Another particularly useful database system that can be worthwhile for Big Data analysis is Hadoop, a framework for distributed, large data sets. Based on Google’s MapReduce model, Hadoop is a data storage and distributed processing system, specifically designed for enormous data sets. Both NoSQL and Hadoop allows an enterprise to optimally make use of DWs in order to parse, process and analyze Big Data.
The Ability to Have Executives Easily Access and Interpret the Data
Data Science is necessary to perform advanced data analysis. However, using Big Data should be easy and user-friendly, so citizen data-scientists, managers, and executives alike have the ability to use the data without much technical training or added skills. If there is a major learning curve to harness Big Data into actionable insights, improved workflows through Business Intelligence insights may not be possible. In such a situation, executives may have to rely on data scientists and analysts. To help overcome this, tools and software like Microsoft’s Power BI and Tableau are typically aimed at making analysis, assessments, and data processing commonly accessible to increase efficiency and to optimize workflows.
Dashboards and Live Tables
About those tools, Business Intelligence dashboards and live tables, used by the software, help to analyze patterns and trends in Big Data. The insights produced allow an executive to revamp workflows and produce new strategies in a quick manner.

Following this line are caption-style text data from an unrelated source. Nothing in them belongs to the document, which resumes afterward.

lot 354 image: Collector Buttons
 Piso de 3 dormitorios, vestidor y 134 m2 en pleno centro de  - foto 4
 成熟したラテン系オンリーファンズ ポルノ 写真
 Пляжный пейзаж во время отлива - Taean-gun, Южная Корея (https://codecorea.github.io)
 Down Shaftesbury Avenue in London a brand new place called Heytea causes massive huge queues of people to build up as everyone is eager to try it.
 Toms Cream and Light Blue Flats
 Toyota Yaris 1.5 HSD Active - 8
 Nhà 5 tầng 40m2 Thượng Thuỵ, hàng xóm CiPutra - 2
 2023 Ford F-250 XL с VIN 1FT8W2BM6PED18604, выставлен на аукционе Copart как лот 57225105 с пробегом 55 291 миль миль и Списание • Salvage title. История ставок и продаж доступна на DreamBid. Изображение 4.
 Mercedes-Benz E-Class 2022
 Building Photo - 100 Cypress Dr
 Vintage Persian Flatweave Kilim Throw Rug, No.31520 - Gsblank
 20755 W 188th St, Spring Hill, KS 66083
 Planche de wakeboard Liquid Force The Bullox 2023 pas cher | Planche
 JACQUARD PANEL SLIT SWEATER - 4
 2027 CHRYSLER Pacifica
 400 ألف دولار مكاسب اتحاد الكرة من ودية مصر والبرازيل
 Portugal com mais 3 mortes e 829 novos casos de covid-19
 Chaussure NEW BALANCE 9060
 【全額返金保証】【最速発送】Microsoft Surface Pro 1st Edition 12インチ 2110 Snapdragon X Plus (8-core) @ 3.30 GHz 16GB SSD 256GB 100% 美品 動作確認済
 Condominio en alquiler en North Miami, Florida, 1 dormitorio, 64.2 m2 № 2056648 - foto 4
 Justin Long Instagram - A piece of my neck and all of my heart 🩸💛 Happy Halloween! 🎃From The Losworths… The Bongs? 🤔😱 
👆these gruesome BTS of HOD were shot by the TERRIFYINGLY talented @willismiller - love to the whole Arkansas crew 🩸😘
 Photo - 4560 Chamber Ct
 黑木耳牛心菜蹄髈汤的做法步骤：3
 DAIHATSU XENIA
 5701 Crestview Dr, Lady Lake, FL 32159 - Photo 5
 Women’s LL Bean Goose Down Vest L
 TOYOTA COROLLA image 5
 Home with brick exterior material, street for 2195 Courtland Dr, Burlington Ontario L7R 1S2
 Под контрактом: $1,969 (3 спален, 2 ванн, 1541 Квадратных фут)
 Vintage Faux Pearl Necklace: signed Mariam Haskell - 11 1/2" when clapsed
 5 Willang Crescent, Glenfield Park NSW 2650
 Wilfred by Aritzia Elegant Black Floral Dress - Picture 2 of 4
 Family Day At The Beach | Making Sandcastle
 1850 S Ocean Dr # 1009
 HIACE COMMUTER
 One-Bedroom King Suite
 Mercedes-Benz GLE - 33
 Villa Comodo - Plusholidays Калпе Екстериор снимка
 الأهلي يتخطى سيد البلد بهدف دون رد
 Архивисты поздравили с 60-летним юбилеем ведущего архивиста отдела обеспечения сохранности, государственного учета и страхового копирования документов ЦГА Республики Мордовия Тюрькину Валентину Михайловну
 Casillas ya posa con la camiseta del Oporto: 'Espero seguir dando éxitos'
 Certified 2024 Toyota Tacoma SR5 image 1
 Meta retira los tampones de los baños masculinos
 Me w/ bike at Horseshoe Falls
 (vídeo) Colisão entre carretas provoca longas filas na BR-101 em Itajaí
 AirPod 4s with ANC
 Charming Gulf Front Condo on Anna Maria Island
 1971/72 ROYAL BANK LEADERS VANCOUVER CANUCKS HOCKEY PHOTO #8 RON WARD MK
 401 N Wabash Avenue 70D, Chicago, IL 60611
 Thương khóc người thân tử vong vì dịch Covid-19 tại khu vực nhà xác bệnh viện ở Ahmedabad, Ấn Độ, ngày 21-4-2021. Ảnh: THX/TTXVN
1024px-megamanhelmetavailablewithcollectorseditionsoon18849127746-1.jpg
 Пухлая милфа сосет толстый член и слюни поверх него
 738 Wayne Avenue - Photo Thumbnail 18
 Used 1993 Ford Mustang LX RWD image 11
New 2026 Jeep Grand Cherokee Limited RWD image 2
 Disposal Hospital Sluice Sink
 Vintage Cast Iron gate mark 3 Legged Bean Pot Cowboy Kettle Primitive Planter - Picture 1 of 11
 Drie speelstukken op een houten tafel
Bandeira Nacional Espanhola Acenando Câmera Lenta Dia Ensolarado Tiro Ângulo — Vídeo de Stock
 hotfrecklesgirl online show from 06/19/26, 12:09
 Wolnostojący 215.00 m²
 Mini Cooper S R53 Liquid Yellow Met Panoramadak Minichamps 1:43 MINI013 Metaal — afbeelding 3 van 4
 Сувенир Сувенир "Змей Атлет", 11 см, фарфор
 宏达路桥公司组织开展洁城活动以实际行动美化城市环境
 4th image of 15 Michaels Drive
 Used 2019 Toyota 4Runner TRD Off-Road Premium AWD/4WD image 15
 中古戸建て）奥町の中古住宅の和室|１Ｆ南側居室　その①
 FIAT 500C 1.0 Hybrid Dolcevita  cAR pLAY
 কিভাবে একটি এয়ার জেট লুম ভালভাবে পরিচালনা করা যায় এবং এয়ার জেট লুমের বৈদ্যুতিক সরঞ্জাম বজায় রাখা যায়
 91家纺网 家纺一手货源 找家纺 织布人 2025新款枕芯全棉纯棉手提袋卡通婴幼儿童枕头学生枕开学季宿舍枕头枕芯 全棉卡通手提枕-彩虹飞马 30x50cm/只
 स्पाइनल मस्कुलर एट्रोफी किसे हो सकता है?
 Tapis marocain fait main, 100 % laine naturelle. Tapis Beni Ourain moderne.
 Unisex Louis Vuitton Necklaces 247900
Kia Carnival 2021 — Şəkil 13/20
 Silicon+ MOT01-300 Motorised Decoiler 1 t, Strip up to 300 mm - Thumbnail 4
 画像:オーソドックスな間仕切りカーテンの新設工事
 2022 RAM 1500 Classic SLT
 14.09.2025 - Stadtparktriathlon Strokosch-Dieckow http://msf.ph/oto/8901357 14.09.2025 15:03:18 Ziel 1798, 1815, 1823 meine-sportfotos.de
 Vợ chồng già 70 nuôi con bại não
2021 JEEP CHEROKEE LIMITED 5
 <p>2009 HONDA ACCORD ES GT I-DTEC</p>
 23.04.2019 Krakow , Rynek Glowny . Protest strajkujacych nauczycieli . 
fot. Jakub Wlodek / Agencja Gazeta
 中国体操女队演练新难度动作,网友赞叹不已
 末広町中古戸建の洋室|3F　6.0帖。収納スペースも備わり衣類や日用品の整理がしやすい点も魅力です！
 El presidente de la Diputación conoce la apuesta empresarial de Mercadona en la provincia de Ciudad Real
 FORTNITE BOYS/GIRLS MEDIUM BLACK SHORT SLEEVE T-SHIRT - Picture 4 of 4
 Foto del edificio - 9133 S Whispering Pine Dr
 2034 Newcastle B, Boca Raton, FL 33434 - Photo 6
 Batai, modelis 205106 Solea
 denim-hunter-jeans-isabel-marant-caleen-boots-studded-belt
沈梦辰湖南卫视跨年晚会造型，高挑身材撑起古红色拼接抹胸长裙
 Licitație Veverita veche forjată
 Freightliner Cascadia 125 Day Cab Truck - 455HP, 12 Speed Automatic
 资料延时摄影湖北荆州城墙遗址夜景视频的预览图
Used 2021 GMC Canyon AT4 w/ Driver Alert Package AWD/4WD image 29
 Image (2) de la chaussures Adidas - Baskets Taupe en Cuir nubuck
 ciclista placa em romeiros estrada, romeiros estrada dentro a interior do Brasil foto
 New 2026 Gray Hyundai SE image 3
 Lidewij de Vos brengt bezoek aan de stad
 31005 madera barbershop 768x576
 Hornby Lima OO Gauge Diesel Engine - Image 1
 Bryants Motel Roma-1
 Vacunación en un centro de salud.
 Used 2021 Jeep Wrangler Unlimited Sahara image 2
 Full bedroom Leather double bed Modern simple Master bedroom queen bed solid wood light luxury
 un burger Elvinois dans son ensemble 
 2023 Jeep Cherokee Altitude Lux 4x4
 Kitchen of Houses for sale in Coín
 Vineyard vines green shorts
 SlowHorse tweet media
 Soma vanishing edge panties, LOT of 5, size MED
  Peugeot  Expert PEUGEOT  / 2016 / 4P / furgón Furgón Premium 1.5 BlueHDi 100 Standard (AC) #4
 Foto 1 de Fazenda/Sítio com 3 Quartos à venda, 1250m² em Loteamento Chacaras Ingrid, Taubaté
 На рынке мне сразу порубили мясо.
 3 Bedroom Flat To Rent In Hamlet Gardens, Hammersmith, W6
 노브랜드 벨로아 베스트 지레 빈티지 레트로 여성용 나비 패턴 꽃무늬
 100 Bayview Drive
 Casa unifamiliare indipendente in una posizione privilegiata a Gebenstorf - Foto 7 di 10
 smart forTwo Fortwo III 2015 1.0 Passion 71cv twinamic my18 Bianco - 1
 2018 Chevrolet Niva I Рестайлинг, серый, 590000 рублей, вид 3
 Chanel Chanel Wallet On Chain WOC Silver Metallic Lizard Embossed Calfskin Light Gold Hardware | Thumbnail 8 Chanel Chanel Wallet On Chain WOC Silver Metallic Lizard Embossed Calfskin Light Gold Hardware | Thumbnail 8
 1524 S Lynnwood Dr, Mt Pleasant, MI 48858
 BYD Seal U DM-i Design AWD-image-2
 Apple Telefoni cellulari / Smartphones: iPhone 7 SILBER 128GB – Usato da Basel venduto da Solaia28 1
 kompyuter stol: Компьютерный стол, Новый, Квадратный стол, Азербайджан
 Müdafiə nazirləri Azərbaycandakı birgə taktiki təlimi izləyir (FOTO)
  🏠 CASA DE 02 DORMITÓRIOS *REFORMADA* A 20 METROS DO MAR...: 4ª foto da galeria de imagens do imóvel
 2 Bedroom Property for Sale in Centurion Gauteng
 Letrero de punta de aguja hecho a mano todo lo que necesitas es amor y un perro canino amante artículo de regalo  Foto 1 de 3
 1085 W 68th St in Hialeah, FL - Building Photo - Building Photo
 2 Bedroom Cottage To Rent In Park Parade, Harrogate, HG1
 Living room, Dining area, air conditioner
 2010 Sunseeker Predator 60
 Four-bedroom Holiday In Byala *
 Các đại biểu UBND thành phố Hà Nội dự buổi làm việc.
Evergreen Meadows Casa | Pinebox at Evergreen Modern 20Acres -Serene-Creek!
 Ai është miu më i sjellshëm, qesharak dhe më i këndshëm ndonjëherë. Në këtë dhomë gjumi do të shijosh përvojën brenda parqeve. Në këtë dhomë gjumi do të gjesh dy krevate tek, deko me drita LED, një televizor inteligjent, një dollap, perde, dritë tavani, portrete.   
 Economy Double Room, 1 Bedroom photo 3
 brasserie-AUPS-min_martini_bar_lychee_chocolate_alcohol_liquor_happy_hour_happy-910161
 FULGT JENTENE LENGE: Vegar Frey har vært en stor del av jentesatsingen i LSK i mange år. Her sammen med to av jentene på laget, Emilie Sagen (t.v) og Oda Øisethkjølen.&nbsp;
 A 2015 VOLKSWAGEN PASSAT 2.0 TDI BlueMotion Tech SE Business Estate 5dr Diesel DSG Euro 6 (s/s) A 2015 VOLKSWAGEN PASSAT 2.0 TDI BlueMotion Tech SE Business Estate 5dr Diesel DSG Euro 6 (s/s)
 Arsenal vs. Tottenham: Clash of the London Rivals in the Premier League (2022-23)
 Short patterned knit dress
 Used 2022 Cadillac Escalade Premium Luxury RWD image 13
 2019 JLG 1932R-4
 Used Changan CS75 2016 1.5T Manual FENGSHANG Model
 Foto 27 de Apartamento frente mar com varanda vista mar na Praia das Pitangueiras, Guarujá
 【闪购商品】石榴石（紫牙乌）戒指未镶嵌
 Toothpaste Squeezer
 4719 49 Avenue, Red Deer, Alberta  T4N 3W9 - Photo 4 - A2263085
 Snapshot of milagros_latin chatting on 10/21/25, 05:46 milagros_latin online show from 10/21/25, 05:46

While reports alone can be used for in-depth analysis, dashboards and live tables offer real-time insights that can reveal issues - and opportunities - as they arise.
Software for Deeper Analysis
Live tables offer real-time or near real-time insights, but deep analysis needs software and programs to produce projections, predictions and in-depth reports. Statistics and insights can be quickly found using programs such as R, SAS, Stata and using common packages such as the H2O software package. The H20 package is used to handle “big datasets,” like the information compiled from transactions and customers on Amazon. Standard statistics use a subset of data, known as a population, to determine the outcome of algorithms and models. H20 is able to consume the entire set of data to provide deep-learning of the data. It can then generate visualizations and solutions for the same algorithms and models, with a more comprehensive source of data.
Big Data is a new and exciting way to analyze large corporate data-sets, made possible due to the rapid advances in computer processors, memory and storage. Significantly sized data sets cannot be efficiently analyzed with traditional data analysis software, so implementing the correct infrastructure, software and support staff is important for companies. A well designed infrastructure will allow for efficient collection, storage, cleansing, managing and analysis of volumes of data to make producing insights and new business strategies faster, feasible and profitable.